What Is P-Value?

In statistics, the p-value is the probability of obtaining results at least as extreme as the observed results of a statistical hypothesis test, assuming that the null hypothesis is correct. The p-value is used as an alternative to rejection points to provide the smallest level of significance at which the null hypothesis would be rejected. A smaller p-value means that there is stronger evidence in favor of the alternative hypothesis.

Key Takeaways

  • A p-value is a measure of the probability that an observed difference could have occurred just by random chance.
  • The lower the p-value, the greater the statistical significance of the observed difference.
  • P-value can be used as an alternative to or in a addition to pre-selected confidence levels for hypothesis testing.

How Is P-Value Calculated?

P-values are usually found using p-value tables or spreadsheets/statistical software. These calculations are based on the assumed or known probability distribution of the specific statistic being tested. P-values are calculated from the deviation between the observed value and a chosen reference value, given the probability distribution of the statistic, with a greater difference between the two values corresponding to a lower p-value. Mathematically, the p-value is calculated using integral calculus from the area under the probability distribution curve for all values of statistic that are at least as far from the reference value as the observed value is, relative to the total area under the probability distribution curve. In a nutshell, the greater the difference between two observed values, the less likely it is that the difference is due to simple random chance, and this is reflected by a lower p-value.

P-Value Approach to Hypothesis Testing

The p-value approach to hypothesis testing uses the calculated probability to determine whether there is evidence to reject the null hypothesis. The null hypothesis, also known as the conjecture, is the initial claim about a population (or data generating process).

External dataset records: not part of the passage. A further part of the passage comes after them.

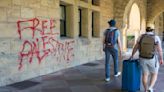 Pro-Palestinian demonstrators arrested at Stanford University after occupying president's office
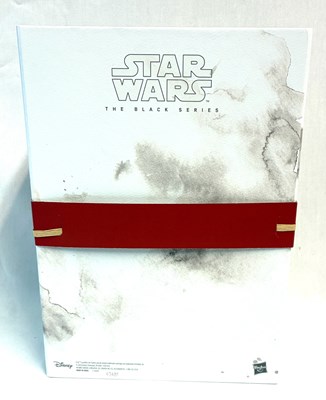 Lot 71 - Hasbro Star Wars Black Series The Ronin & R5-D56 Celebration 2025 Exclusive 6" figure set MISP
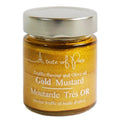 Gold Truffle Mustard 130g-Pantry-A Taste Of Paris-iPantry-australia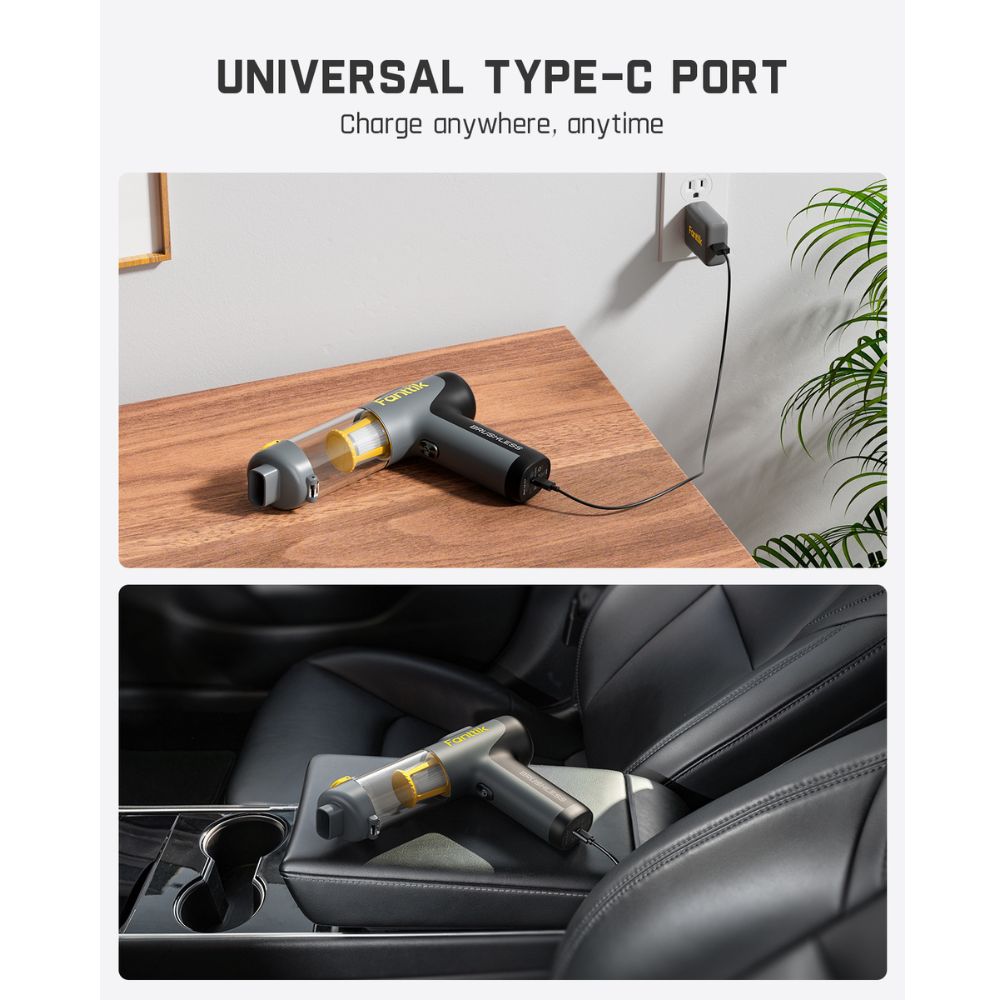 fanttik-slim-v9-mix-car-vacuum-robustclean-hepa-filter image 8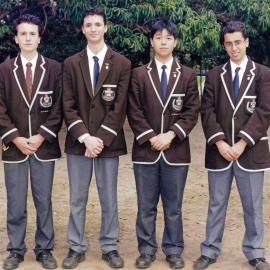 Debating 2nd Grade (GPS) 1999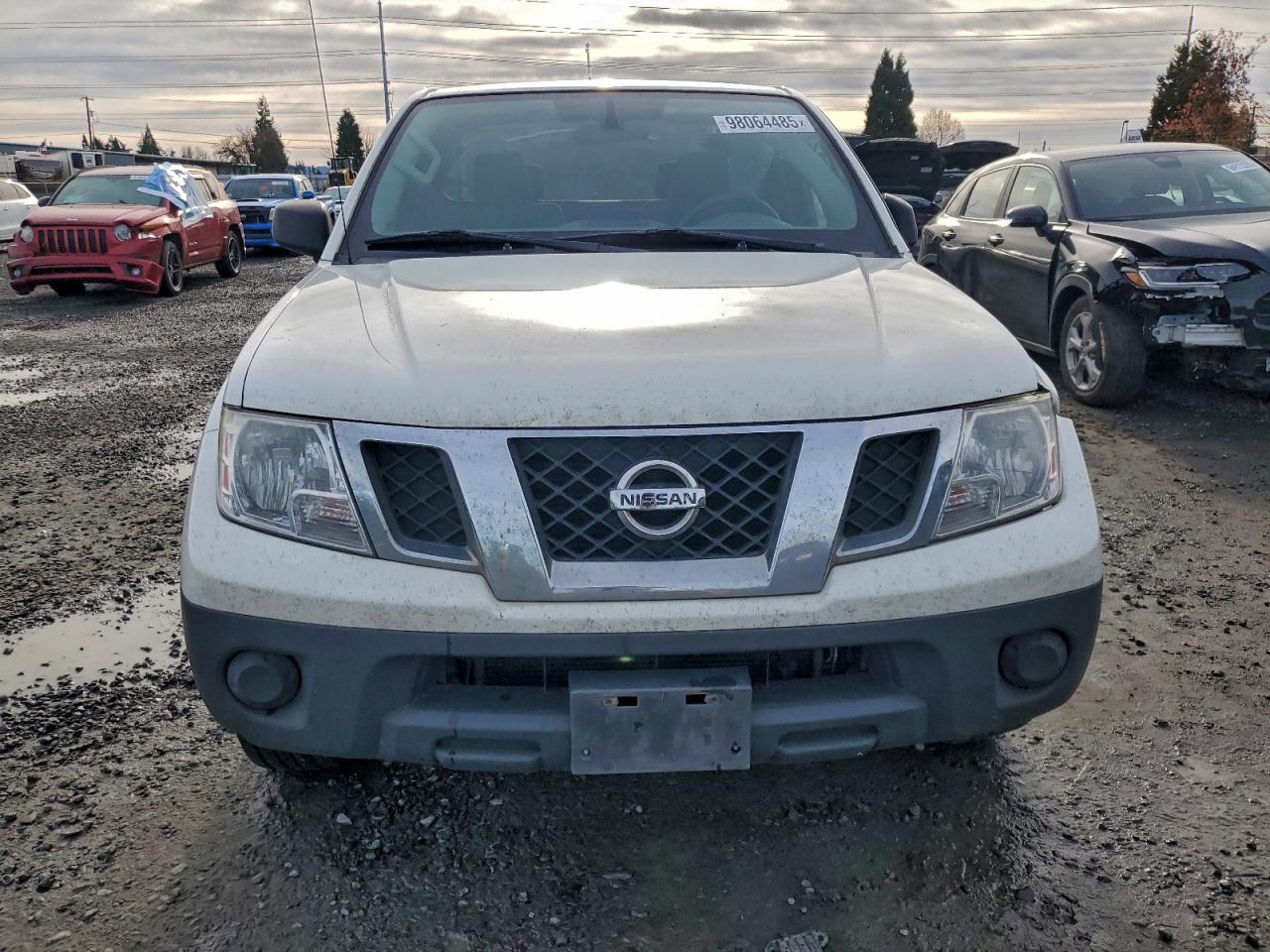 2019 NISSAN Frontier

The alternative hypothesis states whether the population parameter differs from the value of the population parameter stated in the conjecture.

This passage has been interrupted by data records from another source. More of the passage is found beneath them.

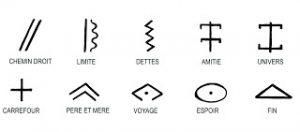 symboles maliens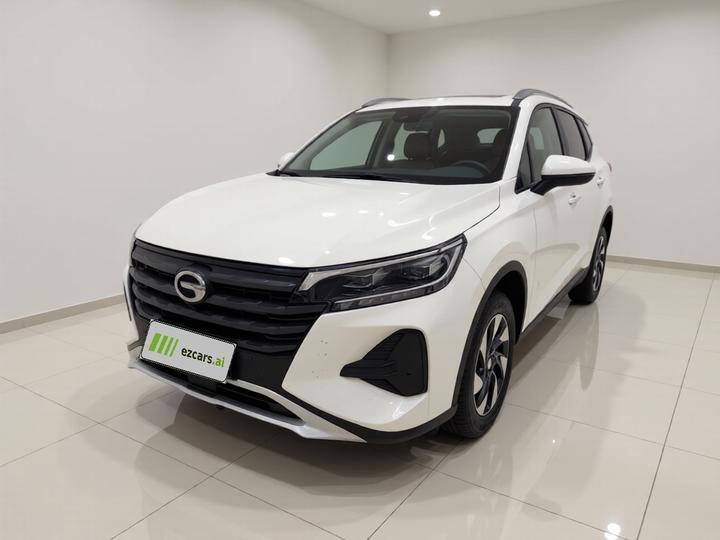GAC Trumpchi GS4 2020 270T AT Elite Tech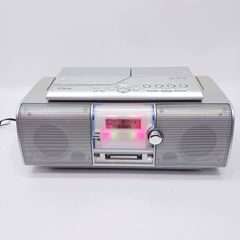 Victor ポータブルシステム RC-L1MD Clavia CDMD ラジカセ ビクター
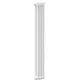 Радиатор TESI 21800/04 T30 3/4", h-1800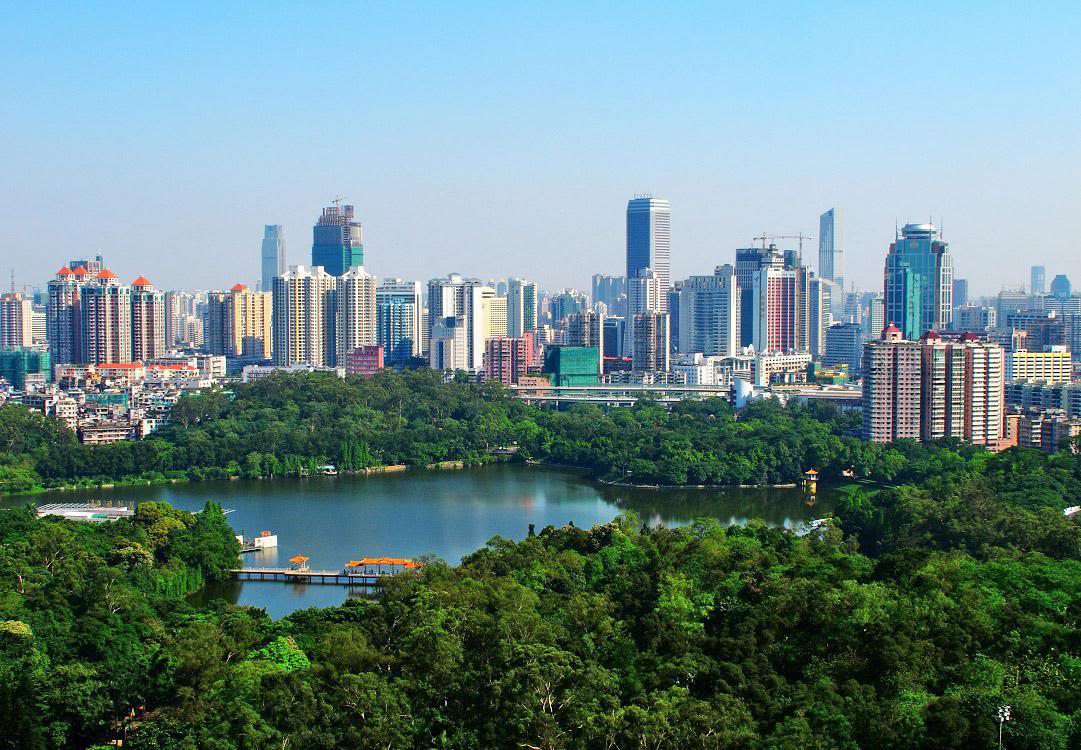 Рабочая поездка в Гуанчжоу, чем помогла сим-карта Глобалсим?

In practice, the significance level is stated in advance to determine how the small the p-value must be in order to reject the null hypothesis. Because different researchers use different levels of significance when examining a question, a reader may sometimes have difficulty comparing results from two different tests. P-values provide a solution to this problem.

For example, suppose a study comparing returns from two particular assets were undertaken by different researchers who used the same data but different significance levels. The researchers might come to opposite conclusions regarding whether the assets differ. If one researcher used confidence level of 90% and the other required a confidence level of 95% to reject the null hypothesis and the p-value of the observed difference between the two returns was 0.08 (corresponding to a confidence level of 92%) then the first researcher would find that the two assets have a difference that is statistically significant, while the second would find no statistically significant difference between the returns.

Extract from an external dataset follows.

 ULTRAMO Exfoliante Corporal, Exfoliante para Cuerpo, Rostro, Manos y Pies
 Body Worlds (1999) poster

To avoid this problem, the researchers could report the p-value of the hypothesis test and allow the reader to interpret the statistical significance themselves. This is called a p-value approach to hypothesis testing. An independent observer could note the p-value, and decide for herself whether that represents a statistically significant difference or not.

Real-World Example of P-Value

Assume an investor claims that their investment portfolio's performance is equivalent to that of the Standard & Poor's (S&P) 500 Index. To determine this, the investor conducts a two-tailed test. The null hypothesis states that the portfolio's returns are equivalent to the S&P 500's returns over a specified period, while the alternative hypothesis states that the portfolio's returns and the S&P 500's returns are not equivalent. (If the investor conducted a one-tailed test, the alternative hypothesis would state that the portfolio's returns are either less than or greater than the S&P 500's returns.)

P-value hypothesis test does not necessarily make use of a pre-selected confidence level at which the investor should reset the null hypothesis that the returns are equivalent. Instead, it provides a measure of how much evidence there is to reject the null hypothesis. The smaller the p-value, the greater the evidence against the null hypothesis. Thus, if the investor finds that the p-value is 0.001, there is strong evidence against the null hypothesis, and the investor can confidently conclude the portfolio's returns and the S&P 500's returns are not be equivalent.

Though this does not provide an exact threshold as to when the investor should accept or reject the null hypothesis, it does have another very practical advantage. P-value hypothesis testing offers a direct way to compare the relative confidence that the investor can have when choosing among multiple different types of investments or portfolios, relative to a benchmark such as the S&P 500. For example for two portfolios, A and B, whose performance differs from the S&P 500 with p-values of 0.10 and 0.01 respectively, the investor can be much more confident that portfolio B, with a lower p-value will actually show consistently different results.